Kathy Kleiner Rubin, who survived being attacked by Bundy when she was a 20-year-old college student in 1978, watched trailer for Efron's movie, Extremely Wicked, Shockingly Evil and Vile, in an interview with TMZ. The survivor had a somewhat surprising response to the Bundy biopic, saying, "I don't have a problem with people looking at it, and as long as they understand that what they're watching wasn't a normal person."
That's not exactly the response one might expect from a victim of Bundy's calculated attacks regarding a movie which many believe seems to glorify Bundy, rather than portray the man who confessed to murdering at least 30 women, per The Guardian, in the negative light he deserves. Kleiner Rubin told TMZ that she agrees that the upcoming Efron flick, which also stars Lily Collins, seems to portray Bundy in a more flattering light than she might hope for. "I think the movie does glorify him more than I think he should be, but like I said, I think everyone should see it and understand him as what he was even when he was the 'perfect son,'" she said in a video chat interview.
Even though she cautioned against normalizing Bundy, Kleiner Rubin acknowledged that in order to portray the killer in an honest way, you have to include some aspect of the serial killer's charisma. "When they do say positive and wonderful things about him — that's what they saw, that's what Bundy wanted you to see, so it was picked up as that," Kleiner Rubin told TMZ.
Earlier this week, Rolling Stone published an interview with Kleiner Rubin in which the survivor recalled her experience as a college student at Florida State University, where Bundy crept into her bedroom and nearly killed her. "He hit me in the face and broke my jaw in three places and I passed out," Kleiner Rubin said, recalling the break in, which targeted the whole Chi Omega sorority dorm. Another woman named Karen Chandler survived the attack along with Kleiner Rubin, but Bundy murdered two of the sorority sisters in a nearby room, per The Washington Post. That was in 1978, the final year of Bundy's four-year killing spree that targeted young, college-aged women like Kleiner Rubin.
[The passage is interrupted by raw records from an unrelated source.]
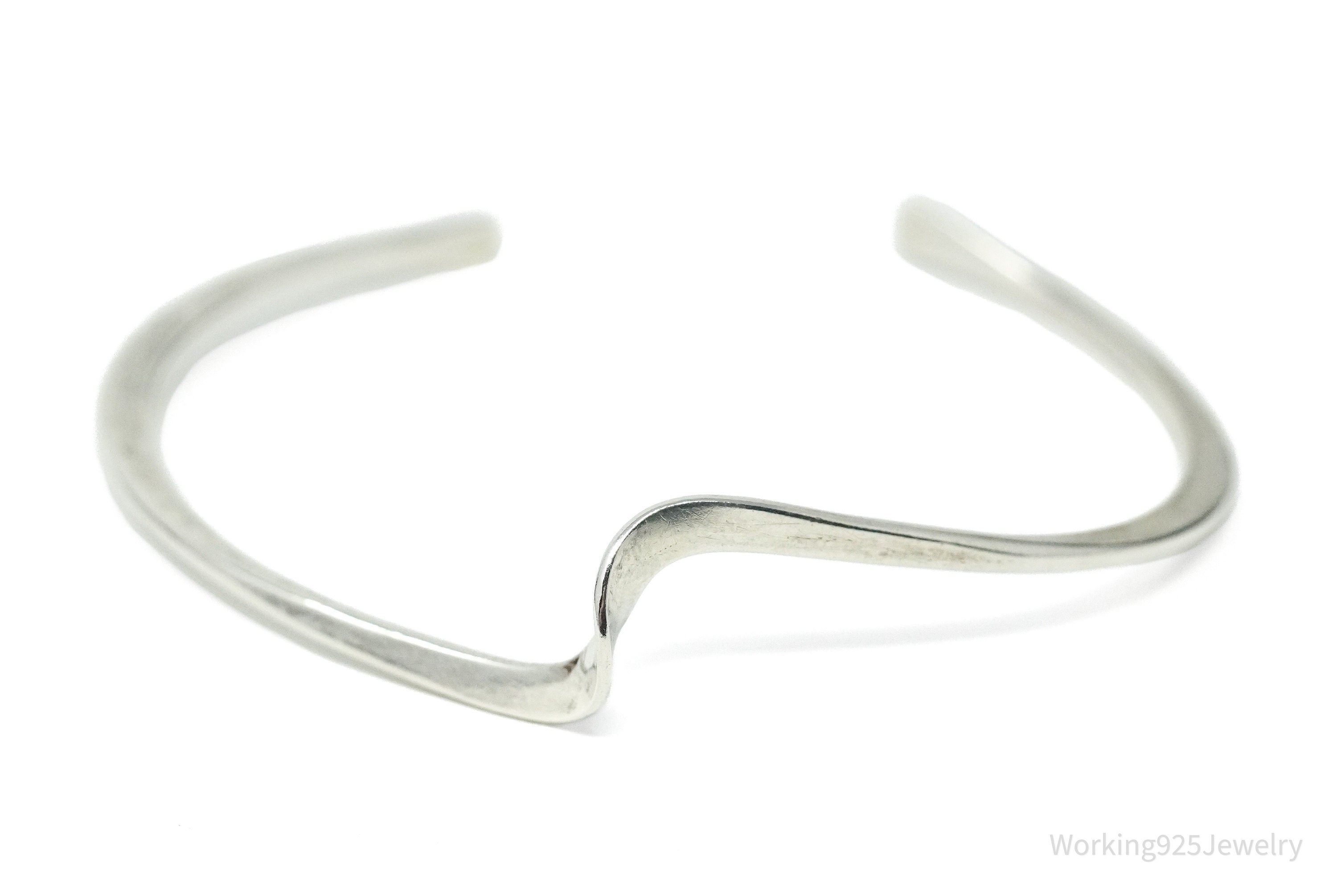 Vintage Designer Peter James Wave Modernist Sterling Silver Cuff Bracelet - 6.25"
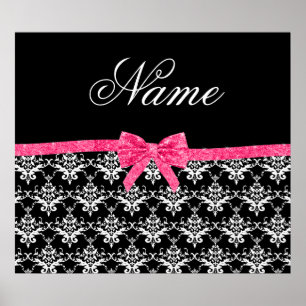 Affiches Nom personnalisé noir blanc damassé rose arc parti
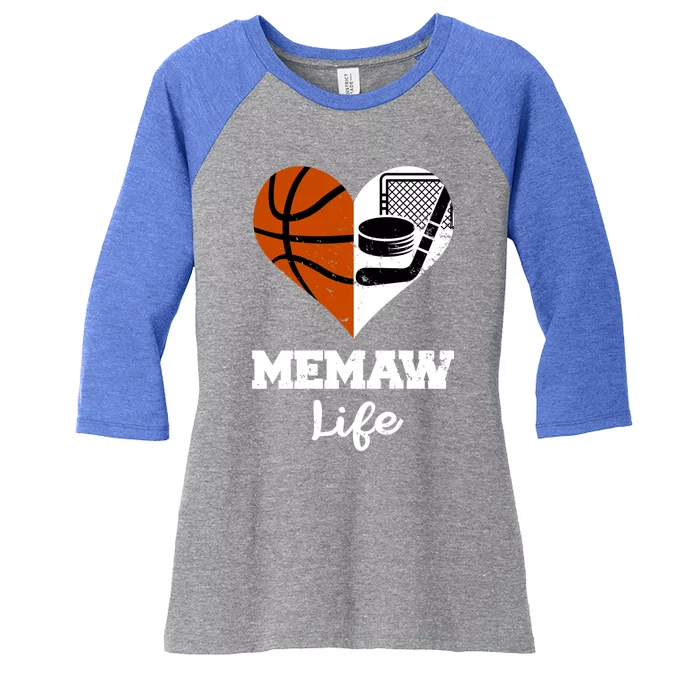 Memaw Life Heart Funny Basketball Hockey Memaw Gift Women's Tri-Blend 3/4-Sleeve Raglan Shirt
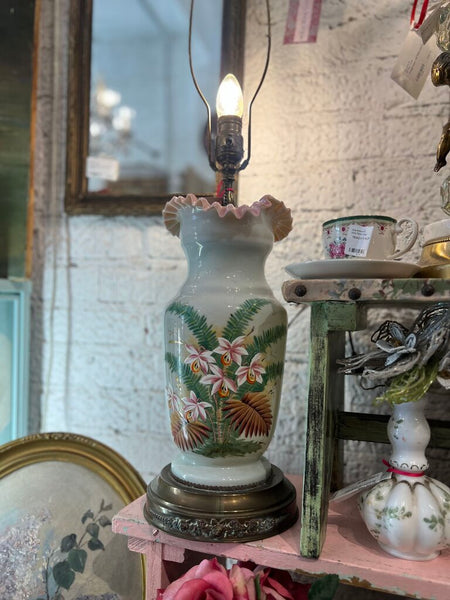 Vintage Milk Glass Lamp Ruffle Edge Hand Painted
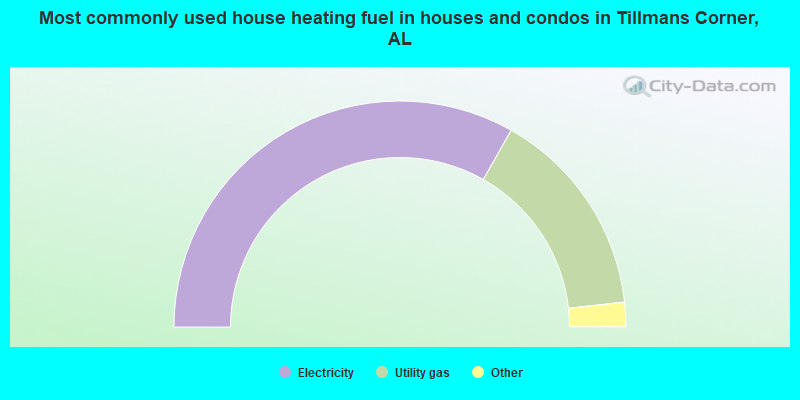 Most commonly used house heating fuel in houses and condos in Tillmans Corner, AL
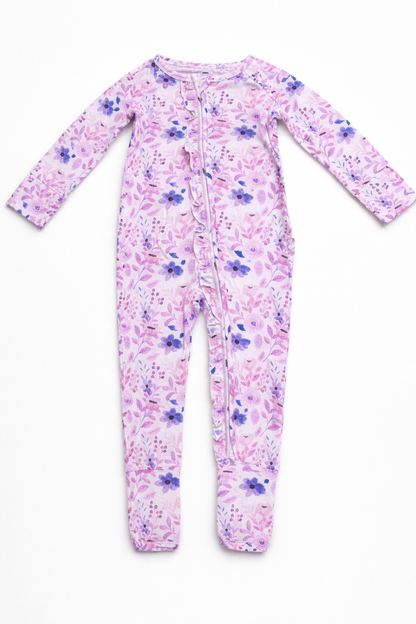 Convertible Romper with Ruffles | Soft Purple Floral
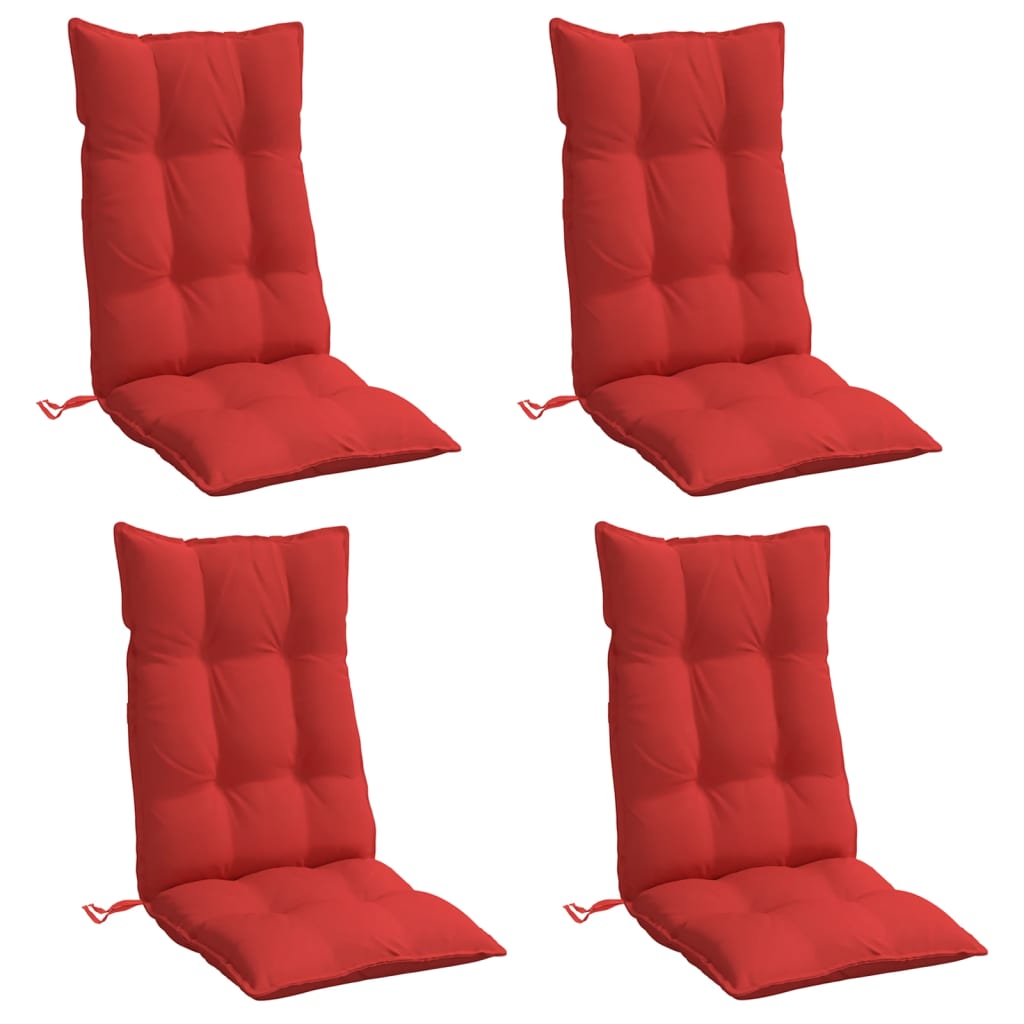 Cuscini per Sedia con Schienale Alto 4 pz Tessuto Oxford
In her interviews with both TMZ and Rolling Stone, Kleiner Rubin expressed that she encourages people to learn about Bundy, rather than avoid movies and documentaries like Netflix's The Ted Bundy Tapes. "I think it’s good for people to read books about Bundy. I really do. They need to know that there’s evil out there, but they can control it," the survivor, now in her forties, told Rolling Stone.
In her interview with TMZ, Bundy's surviving victim explained that she's now speaking out in order to "care for the women," and she advised, "In your gut if you just feel that something doesn't feel right, just say no." And if listening to your gut means going to see Extremely Wicked, Shockingly Evil and Vile, well, then, Kleiner Rubin is OK with that.